(Recorded data)
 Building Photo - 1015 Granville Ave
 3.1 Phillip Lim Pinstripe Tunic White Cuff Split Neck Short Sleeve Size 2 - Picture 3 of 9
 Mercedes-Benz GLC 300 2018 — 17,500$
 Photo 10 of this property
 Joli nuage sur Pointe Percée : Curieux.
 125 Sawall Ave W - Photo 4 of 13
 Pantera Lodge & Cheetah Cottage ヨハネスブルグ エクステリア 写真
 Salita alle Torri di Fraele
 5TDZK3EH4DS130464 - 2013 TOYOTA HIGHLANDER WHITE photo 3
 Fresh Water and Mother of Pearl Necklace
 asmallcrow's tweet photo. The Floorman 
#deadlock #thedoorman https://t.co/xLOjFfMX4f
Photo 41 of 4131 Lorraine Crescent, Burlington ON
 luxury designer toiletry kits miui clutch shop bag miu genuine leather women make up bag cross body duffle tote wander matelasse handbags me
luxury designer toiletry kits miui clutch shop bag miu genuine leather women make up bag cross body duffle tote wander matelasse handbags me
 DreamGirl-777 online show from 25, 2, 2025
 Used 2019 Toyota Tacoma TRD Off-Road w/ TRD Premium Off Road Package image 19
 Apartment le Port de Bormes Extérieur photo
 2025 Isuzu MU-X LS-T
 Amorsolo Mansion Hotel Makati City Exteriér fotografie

**Exercise requirements:**
Copy the entries exactly, leaving no line out.

**Expected answer:**
 Building Photo - 1015 Granville Ave
 3.1 Phillip Lim Pinstripe Tunic White Cuff Split Neck Short Sleeve Size 2 - Picture 3 of 9
 Mercedes-Benz GLC 300 2018 — 17,500$
 Photo 10 of this property
 Joli nuage sur Pointe Percée : Curieux.
 125 Sawall Ave W - Photo 4 of 13
 Pantera Lodge & Cheetah Cottage ヨハネスブルグ エクステリア 写真
 Salita alle Torri di Fraele
 5TDZK3EH4DS130464 - 2013 TOYOTA HIGHLANDER WHITE photo 3
 Fresh Water and Mother of Pearl Necklace
 asmallcrow's tweet photo. The Floorman 
#deadlock #thedoorman https://t.co/xLOjFfMX4f
Photo 41 of 4131 Lorraine Crescent, Burlington ON
 luxury designer toiletry kits miui clutch shop bag miu genuine leather women make up bag cross body duffle tote wander matelasse handbags me
luxury designer toiletry kits miui clutch shop bag miu genuine leather women make up bag cross body duffle tote wander matelasse handbags me
 DreamGirl-777 online show from 25, 2, 2025
 Used 2019 Toyota Tacoma TRD Off-Road w/ TRD Premium Off Road Package image 19
 Apartment le Port de Bormes Extérieur photo
 2025 Isuzu MU-X LS-T
 Amorsolo Mansion Hotel Makati City Exteriér fotografie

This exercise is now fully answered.